Luther Spoehr, Review of Diane Ravitch's "The Death and Life of the Great American School System: How Testing and Choice Are Undermining Education" (Basic Books, 2010)
“Scholar’s School Reform U-Turn Shakes Up Debate,” proclaimed the New York Times. Education Week ran a front-page story; Slate.com devoted many bytes to it. The Providence Journal’s op-ed section gave most of a page to the author’s own summary version of her change of heart about how to improve America’s schools. Seldom does a book about education receive such star treatment. The good news: it’s deserved.
Diane Ravitch, distinguished historian of education, former assistant secretary of education under President George H.W. Bush, and longtime voice of reason in rancorous dust-ups like the history standards controversy of the 1990s, has changed her mind about “testing, accountability, choice, and markets.” Her highly readable new book combines the story of her own intellectual journey and the history of America’s efforts to improve its schools over the past quarter century.
While much is being made of Ravitch’s “U-Turn,” she rightly points out some “constants” in her viewpoint: “skepticism about pedagogical fads, enthusiasms, and movements,” a skepticism that informed her earlier histories, and “a deep belief in the value of a rich, coherent school curriculum, especially in history and literature.” The latter made it virtually inevitable that she would become disenchanted with NCLB, which focuses exclusively on basic skills. NCLB, she says, “hijacked” the standards movement of the 1990s and turned education into an assembly line of test preparation.
More surprising, and less persuasive, is her reversal on school choice, particularly charter schools, which she now sees as threatening to skim the cream from regular public schools. But a chapter on the emergence of the “Billionaire Boys’ Club,” headed by the Gates and Broad Foundations, gives credibility to her concern: they have a lot of influence these days, particularly when pushing their notion that schools can be run like businesses, with the principal as chief data-cruncher and the teachers held “accountable” mainly by test scores.
Some will find Ravitch’s call for a return to neighborhood schools merely nostalgic. But she is surely right when she says that her own inspiring English teacher, Miss Ratliff, “would be stifled not only by the data mania of her supervisors, but by the jargon, the indifference to classical literature, and the hostility to her manner of teaching that now prevail in our schools.” Politicians’ promises that schools will have “great teachers” will not make tightly scripted, narrowly focused, “data driven” test preparation more appealing to genuinely gifted instructors.
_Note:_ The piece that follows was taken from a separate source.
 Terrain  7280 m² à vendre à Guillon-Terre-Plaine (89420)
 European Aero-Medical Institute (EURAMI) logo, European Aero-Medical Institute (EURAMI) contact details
Miss Ratliff will find other careers to pursue. Students who are merely literate, not educated, won’t become “lifelong learners.”
Even if one doesn’t fully accept Ravitch’s alarm about charters or her back-to-the-future prescription for change, it’s hard to argue with her conclusion: “The strategies now favored by the most powerful forces in the private and public sectors are unlikely to improve American education.” Leaving no child behind doesn’t mean much when you’re headed in the wrong direction.